### WORK INSTRUCTION
Exact transcription of the data below is required, without the images.

### COLLECTED MATERIAL
-- Opening Marker --

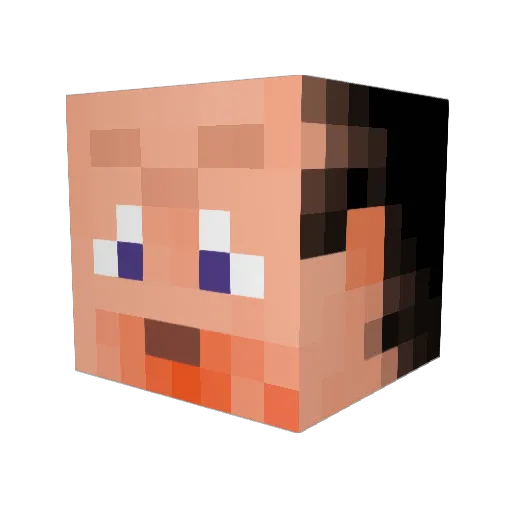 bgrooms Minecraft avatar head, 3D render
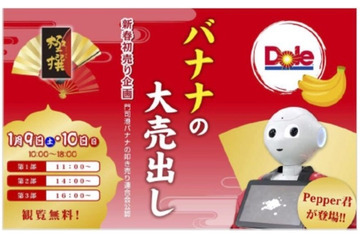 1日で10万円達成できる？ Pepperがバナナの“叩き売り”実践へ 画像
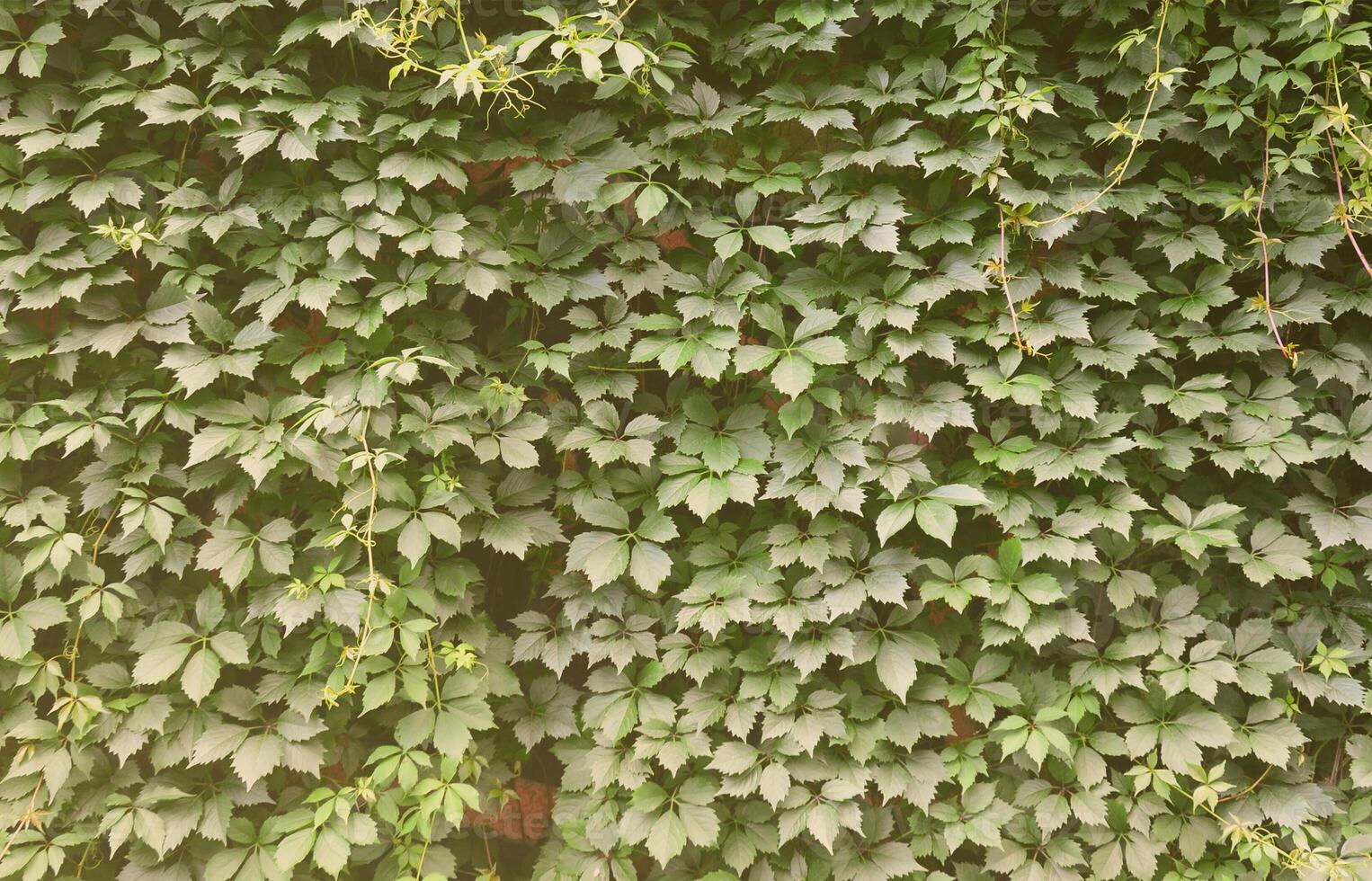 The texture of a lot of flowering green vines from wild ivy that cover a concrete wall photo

-- Closing Marker --

### SOLUTION BELOW
 bgrooms Minecraft avatar head, 3D render
 1日で10万円達成できる？ Pepperがバナナの“叩き売り”実践へ 画像
 The texture of a lot of flowering green vines from wild ivy that cover a concrete wall photo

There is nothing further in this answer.